Ben Bernanke’s Secret Message to Congress: More Stimulus, Please
The Fed says it will tolerate more inflation, but won’t create it. Congress should.
(Reuters)
In normal times, when interest rates are higher than zero, fiscal stimulus doesn’t make much sense. Congress can cut taxes or increase spending to try to boost the economy, but the Federal Reserve will probably stand in its way. Why? Because the Fed has its inflation target, and the Fed cares very much about hitting it. If stimulus spending or tax cuts push inflation above the Fed’s target, the Fed will raise rates, slow the economy back down, and turn the whole exercise into a wash. If fiscal stimulus only keeps inflation from falling too far below the Fed’s target, the Fed won’t bother to lower rates like it otherwise would have. In either case, the economy is no better off with fiscal stimulus than it would have been without. Or, as economists put it, the multiplier is zero — for every dollar of stimulus spending, the economy is zero dollars larger.
Everything changes when rates fall to zero, even if it they shouldn’t. Suppose a big shock hits the economy — a shock so big that even zero interest rates can’t turn things around. In other words, suppose it’s 2008 all over again. In this case, fiscal stimulus won’t just crowd out monetary stimulus, because the Fed can’t cut rates anymore — it can’t cut below zero. Fiscal stimulus will make the economy better off, and perhaps substantially so.

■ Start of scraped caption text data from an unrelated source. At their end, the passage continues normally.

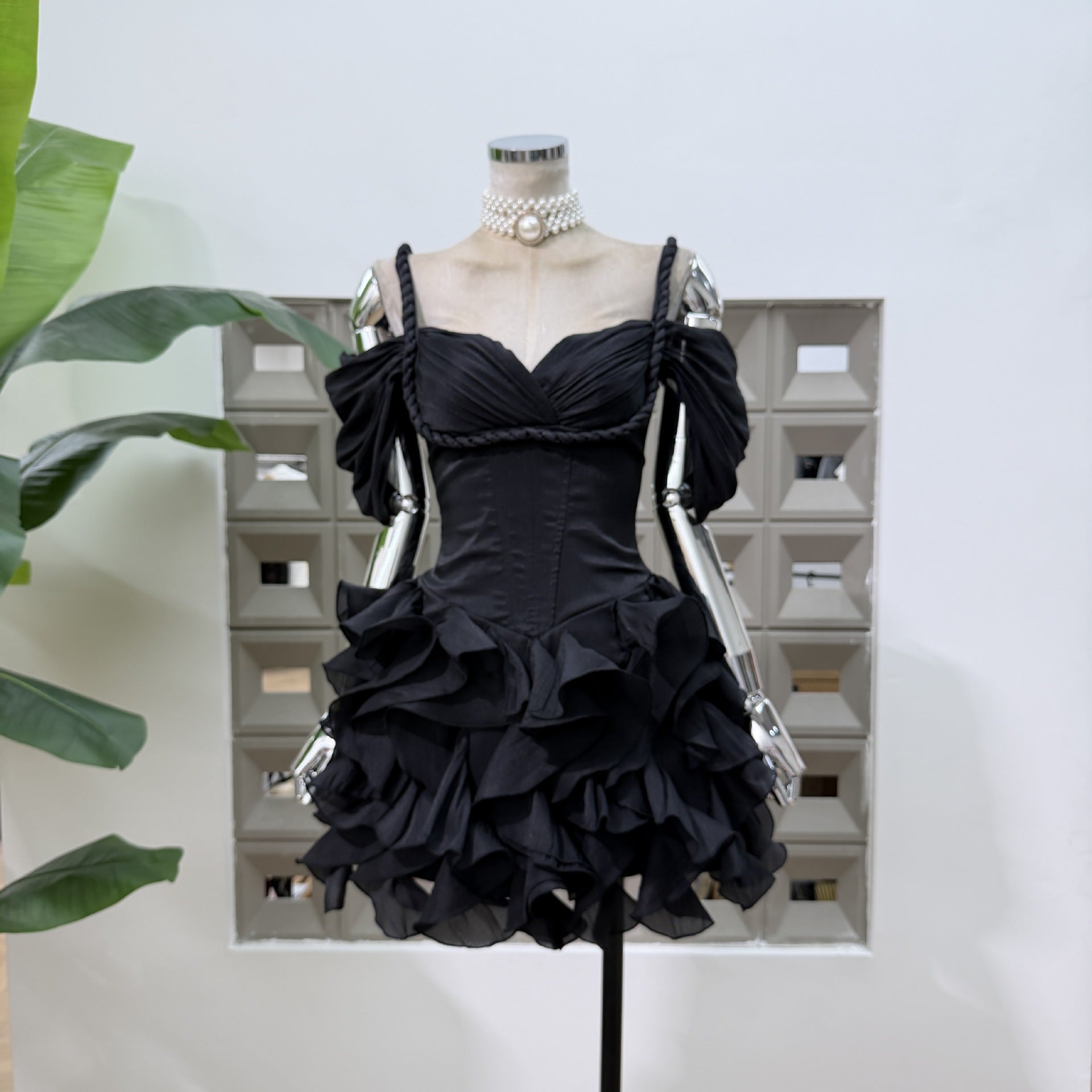 Backless Kelp-trimmed One-shoulder Hand-knit Twist Shoulder Strap Waist Dress With Shorts Of The Same Color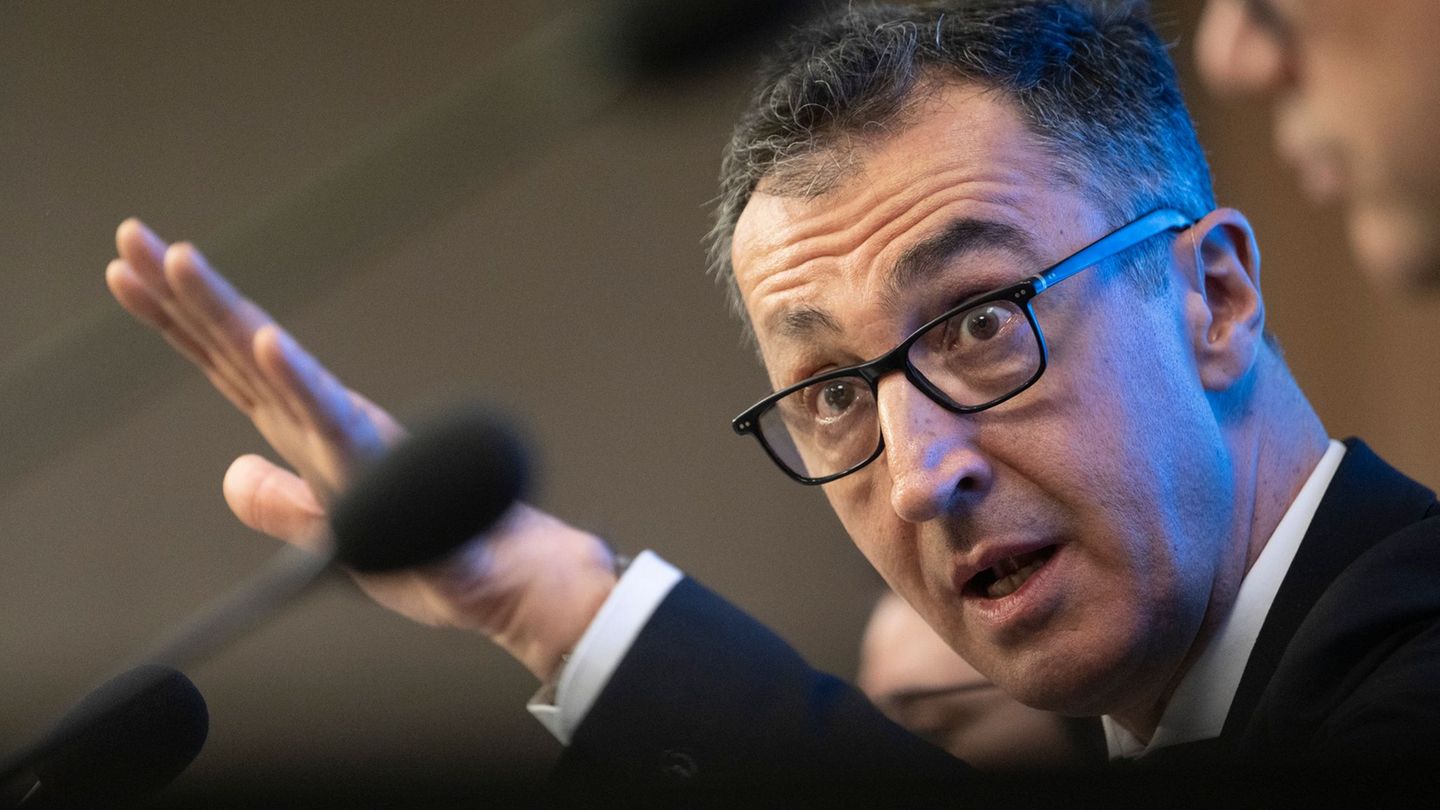 Grünen-Politiker Cem Özdemir will die nächste Landesregierung in Baden-Württemberg anführen. Foto: Marijan Murat/dpa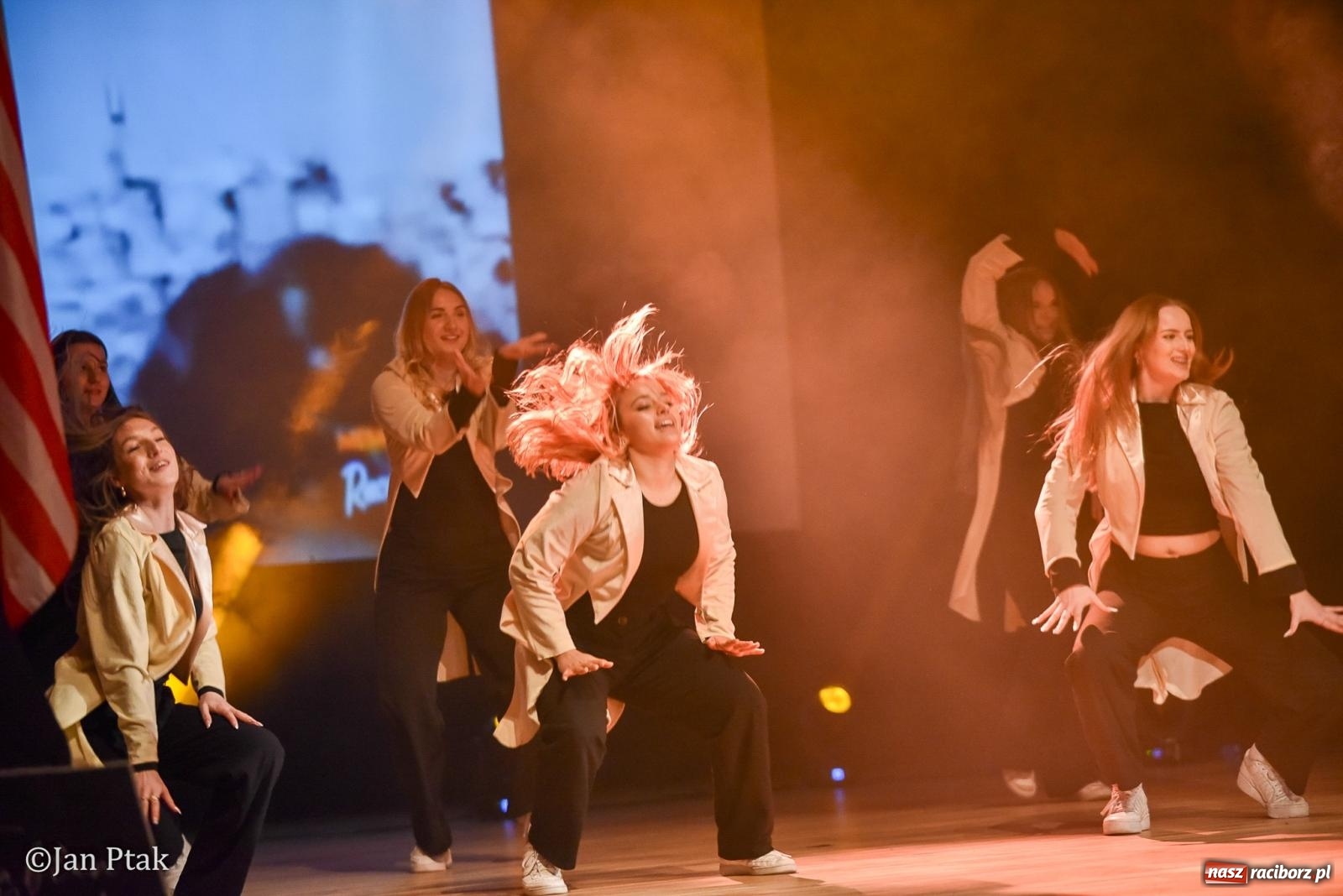 Zdjęcie w galerii na portalu naszraciborz.pl: Elvis ożył w Raciborzu na Dzień Kobiet i rozdawał róże. Fabian Besta w RCK wiadomości z regionu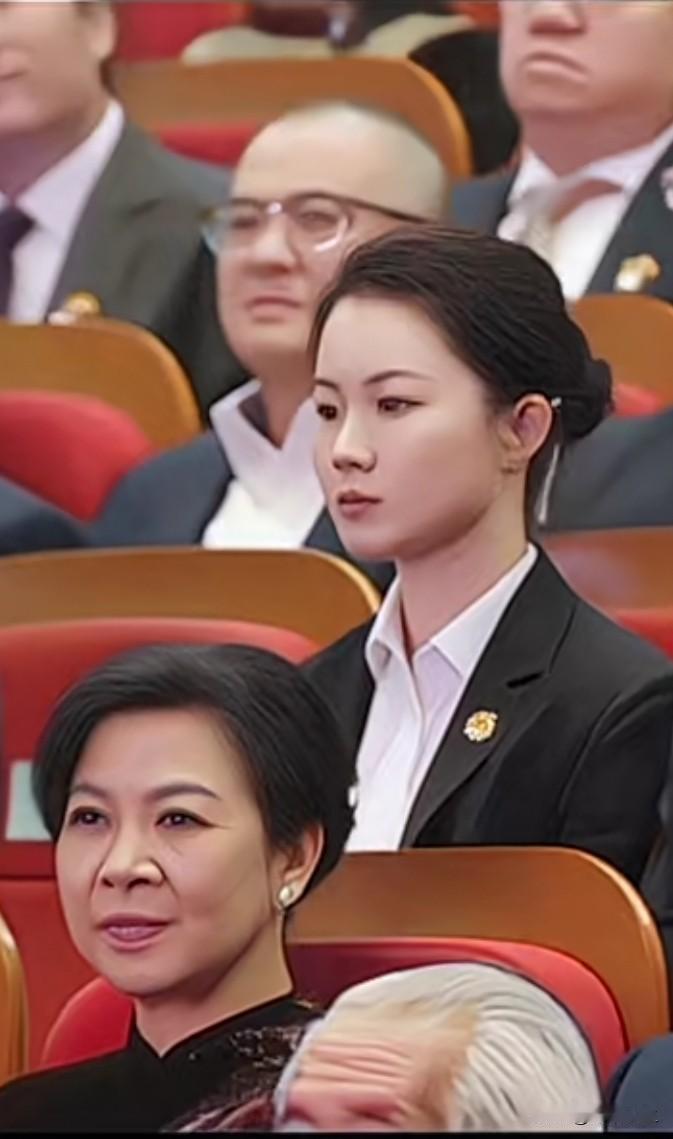 这才叫巾帼不让须眉，气场碾压，战力爆表，足以震慑任何不法分子。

It might not look like it, but forecasting sub-2 percent inflation nowadays is the Fed’s way of begging Congress to borrow more. That’s the big implication of the Fed’s big policy moves the past few months. The Fed is already buying $ 85 billion of bonds a month on an open-ended basis and has promised not to raise rates before unemployment falls below 6.5 percent or inflation rises above 2.5 percent. But it still thinks inflation will remain subdued, despite its bond-buying. In other words, the Fed is telling us it will tolerate a bit more inflation, but it won’t create it. That’s as good an invitation as Congress is going to get to cut taxes or increase spending, at least until inflation is around 2.5 percent. Now, the Fed might buy fewer bonds than it otherwise would if Congress does more, but we know it won’t raise rates — there’s little guessing how much fiscal stimulus the Fed will allow. The multiplier is big now.